The invention relates to abyss equipment technology, in particular to a push-type abyss sediment pressure maintaining and transferring system device.

Background technique

The abyss science has a history of more than 50 years in the world, but it is still a blank in our country. At present, the research of abyss science is mainly concentrated in a few developed countries such as the United States, the United Kingdom, and Japan. The American "Poseidon" and Japan's "Trench" can reach a depth of 10,000 meters. The advanced detection submersible is a pressure-holding transfer device. development has provided a great impetus. It also provides technical support for the research of abyss creatures.

In recent years, my country's marine exploration has also begun to be gradually incorporated into the national strategic direction. However, there is still a big gap with foreign countries in terms of technology. In terms of pressure-holding transfer technology, there are corresponding researches at home and abroad. There are mainly a series of fidelity sampling, transfer, and testing equipment developed by Geotek in foreign countries, which have been successfully applied. The pressure-holding transfer equipment developed by scientific research units mainly at Zhejiang University is still in the experimental stage. , but these equipments are transferred by pressure-holding-cutting method. On the one hand, the structure is relatively complex and the volume is large. On the other hand, the pressure that the device can carry is limited, which cannot reach 100Mpa.
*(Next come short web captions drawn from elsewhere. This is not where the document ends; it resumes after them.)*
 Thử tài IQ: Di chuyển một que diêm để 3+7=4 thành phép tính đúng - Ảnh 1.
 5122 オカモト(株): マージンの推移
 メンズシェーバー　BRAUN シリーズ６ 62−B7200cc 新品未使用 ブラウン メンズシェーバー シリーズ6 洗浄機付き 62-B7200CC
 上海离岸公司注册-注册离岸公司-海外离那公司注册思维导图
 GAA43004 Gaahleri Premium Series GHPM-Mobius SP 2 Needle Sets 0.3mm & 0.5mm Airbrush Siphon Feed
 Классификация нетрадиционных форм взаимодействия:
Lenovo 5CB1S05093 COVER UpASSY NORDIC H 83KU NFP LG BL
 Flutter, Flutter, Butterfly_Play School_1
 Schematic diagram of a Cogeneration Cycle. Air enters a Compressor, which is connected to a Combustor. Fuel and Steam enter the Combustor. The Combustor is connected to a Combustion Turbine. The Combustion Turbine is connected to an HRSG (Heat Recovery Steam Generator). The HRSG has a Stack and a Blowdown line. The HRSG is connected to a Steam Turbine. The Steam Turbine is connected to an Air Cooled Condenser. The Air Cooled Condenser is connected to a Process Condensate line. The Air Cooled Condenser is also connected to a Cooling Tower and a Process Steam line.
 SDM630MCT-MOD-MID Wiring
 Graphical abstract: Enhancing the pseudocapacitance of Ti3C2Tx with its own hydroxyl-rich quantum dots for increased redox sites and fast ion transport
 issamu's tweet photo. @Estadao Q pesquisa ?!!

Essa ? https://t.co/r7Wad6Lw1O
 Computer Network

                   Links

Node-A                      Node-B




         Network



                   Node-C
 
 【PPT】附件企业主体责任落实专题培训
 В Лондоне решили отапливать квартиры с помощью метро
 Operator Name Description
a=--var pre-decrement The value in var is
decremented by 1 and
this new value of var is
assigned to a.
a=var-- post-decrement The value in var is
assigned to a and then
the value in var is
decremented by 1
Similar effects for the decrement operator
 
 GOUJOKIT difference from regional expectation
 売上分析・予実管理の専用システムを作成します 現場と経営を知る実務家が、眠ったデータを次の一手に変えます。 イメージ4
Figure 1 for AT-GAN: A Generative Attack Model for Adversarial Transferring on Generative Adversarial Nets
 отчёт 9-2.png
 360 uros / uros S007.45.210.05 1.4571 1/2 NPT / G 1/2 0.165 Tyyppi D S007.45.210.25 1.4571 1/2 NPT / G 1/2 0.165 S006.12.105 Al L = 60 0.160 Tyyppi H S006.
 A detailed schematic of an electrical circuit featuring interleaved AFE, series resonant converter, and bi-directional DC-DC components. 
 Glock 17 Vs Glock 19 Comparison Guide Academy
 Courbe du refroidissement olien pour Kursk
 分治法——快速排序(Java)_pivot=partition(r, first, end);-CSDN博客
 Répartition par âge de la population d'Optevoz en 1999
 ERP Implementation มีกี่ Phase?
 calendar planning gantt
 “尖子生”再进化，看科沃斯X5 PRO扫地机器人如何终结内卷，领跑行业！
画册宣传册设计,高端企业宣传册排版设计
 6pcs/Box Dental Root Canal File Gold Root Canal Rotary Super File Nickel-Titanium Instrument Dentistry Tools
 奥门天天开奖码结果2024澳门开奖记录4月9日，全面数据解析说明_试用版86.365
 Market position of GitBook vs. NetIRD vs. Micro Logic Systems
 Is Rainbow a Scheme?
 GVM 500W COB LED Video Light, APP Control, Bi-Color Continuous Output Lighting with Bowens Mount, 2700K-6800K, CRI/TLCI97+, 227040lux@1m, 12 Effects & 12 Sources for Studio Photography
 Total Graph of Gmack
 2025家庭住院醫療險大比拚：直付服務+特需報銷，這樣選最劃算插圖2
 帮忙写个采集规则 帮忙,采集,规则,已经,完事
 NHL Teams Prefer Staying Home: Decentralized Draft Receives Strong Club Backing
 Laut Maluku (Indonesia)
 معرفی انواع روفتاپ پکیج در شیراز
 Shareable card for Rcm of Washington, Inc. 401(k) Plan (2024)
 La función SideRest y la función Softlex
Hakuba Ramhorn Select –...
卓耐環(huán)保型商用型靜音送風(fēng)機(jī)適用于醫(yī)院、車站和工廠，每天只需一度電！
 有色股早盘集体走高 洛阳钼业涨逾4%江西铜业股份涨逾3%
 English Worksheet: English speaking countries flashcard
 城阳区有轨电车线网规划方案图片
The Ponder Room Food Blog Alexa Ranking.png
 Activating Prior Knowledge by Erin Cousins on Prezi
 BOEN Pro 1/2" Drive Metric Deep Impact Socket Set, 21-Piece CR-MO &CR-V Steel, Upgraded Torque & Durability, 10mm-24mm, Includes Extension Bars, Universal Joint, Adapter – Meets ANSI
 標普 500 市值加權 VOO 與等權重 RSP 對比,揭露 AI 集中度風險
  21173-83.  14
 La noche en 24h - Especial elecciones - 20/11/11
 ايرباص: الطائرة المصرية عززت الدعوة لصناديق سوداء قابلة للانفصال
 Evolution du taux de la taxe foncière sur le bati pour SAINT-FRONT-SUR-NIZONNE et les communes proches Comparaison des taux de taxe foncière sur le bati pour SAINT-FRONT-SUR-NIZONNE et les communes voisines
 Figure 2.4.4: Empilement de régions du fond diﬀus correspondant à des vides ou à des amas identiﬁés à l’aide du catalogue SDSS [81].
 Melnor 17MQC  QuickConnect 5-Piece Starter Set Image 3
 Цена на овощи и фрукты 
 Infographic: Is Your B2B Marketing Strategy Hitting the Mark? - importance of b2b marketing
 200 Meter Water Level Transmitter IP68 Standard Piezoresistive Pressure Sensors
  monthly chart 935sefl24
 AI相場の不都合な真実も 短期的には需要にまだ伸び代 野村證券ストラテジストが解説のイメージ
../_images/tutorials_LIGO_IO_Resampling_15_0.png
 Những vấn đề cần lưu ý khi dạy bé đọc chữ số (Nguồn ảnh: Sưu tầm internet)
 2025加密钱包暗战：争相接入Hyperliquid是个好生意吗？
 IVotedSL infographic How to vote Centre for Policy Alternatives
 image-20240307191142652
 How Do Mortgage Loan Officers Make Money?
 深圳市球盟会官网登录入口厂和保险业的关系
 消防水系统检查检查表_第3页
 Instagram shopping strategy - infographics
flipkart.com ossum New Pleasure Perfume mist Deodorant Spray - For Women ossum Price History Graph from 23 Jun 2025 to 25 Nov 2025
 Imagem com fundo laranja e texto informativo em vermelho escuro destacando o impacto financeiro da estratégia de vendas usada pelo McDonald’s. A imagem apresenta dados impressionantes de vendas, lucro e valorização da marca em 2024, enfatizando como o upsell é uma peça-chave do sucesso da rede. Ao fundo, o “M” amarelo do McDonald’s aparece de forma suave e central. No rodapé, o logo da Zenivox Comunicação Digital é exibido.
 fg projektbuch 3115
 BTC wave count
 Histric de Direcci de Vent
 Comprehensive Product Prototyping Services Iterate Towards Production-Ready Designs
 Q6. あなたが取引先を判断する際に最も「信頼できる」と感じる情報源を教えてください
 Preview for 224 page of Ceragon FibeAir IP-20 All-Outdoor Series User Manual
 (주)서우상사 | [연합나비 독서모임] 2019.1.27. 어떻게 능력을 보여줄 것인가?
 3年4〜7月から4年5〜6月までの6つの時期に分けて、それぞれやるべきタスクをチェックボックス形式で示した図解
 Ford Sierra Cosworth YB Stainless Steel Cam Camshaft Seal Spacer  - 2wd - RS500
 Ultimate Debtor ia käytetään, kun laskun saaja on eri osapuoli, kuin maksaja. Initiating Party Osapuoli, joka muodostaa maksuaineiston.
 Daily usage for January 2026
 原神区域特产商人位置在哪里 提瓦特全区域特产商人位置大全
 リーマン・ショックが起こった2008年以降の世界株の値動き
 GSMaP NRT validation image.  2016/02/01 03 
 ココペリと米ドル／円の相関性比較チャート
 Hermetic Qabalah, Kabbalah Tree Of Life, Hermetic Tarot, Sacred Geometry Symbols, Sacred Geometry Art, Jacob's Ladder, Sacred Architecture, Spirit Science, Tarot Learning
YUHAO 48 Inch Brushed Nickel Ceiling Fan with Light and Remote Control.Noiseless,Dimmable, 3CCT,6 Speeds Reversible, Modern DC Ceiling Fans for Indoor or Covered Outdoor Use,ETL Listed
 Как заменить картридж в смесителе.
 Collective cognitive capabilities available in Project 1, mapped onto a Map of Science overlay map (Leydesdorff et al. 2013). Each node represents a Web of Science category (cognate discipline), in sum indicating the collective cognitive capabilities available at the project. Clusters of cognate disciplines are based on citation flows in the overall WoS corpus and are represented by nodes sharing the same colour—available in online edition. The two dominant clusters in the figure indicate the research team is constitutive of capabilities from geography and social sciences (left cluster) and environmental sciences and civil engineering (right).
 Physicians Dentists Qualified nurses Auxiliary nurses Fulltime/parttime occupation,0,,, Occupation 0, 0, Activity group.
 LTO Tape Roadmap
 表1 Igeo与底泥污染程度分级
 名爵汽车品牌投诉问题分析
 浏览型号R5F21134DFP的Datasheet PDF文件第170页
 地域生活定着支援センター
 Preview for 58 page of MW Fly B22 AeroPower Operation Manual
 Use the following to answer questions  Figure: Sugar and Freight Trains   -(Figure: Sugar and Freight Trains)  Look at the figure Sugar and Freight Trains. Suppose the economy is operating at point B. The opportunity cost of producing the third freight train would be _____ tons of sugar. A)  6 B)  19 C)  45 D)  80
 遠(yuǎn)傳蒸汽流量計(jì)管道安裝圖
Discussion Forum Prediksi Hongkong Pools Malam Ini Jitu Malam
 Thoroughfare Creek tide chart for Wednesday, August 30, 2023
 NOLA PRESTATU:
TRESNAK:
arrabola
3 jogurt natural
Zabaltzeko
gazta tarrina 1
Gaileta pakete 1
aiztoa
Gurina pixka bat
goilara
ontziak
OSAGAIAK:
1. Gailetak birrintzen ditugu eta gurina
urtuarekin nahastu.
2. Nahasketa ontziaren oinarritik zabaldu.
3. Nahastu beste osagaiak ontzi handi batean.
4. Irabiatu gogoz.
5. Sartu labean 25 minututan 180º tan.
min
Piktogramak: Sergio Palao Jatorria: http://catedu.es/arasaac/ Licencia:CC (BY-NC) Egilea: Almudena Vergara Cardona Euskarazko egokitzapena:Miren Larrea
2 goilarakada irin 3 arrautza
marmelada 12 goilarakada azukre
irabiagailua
The problem of abyss science represents one of the frontier positions in the development of marine science. The development of abyss equipment is the basis of marine scientific research. Therefore, the development of a set of abyss sediment pressure-holding transfer device is of great significance for the fidelity research of abyss science. It plays an important role in promoting the development of my country's marine science undertakings and the improvement of the country's overall scientific innovation strength.

SUMMARY OF THE INVENTION

The technical problem to be solved by the present invention is to overcome the deficiencies in the prior art and provide a push-type abyss sediment pressure-maintaining transfer system device.

In order to solve the above-mentioned technical problems, the solution adopted in the present invention is:

Provided is a push-type abyss sediment pressure-maintaining transfer system device, comprising a pressure-maintaining cylinder, an air compressor, a sampling barrel, a high-pressure ball valve and a culture kettle.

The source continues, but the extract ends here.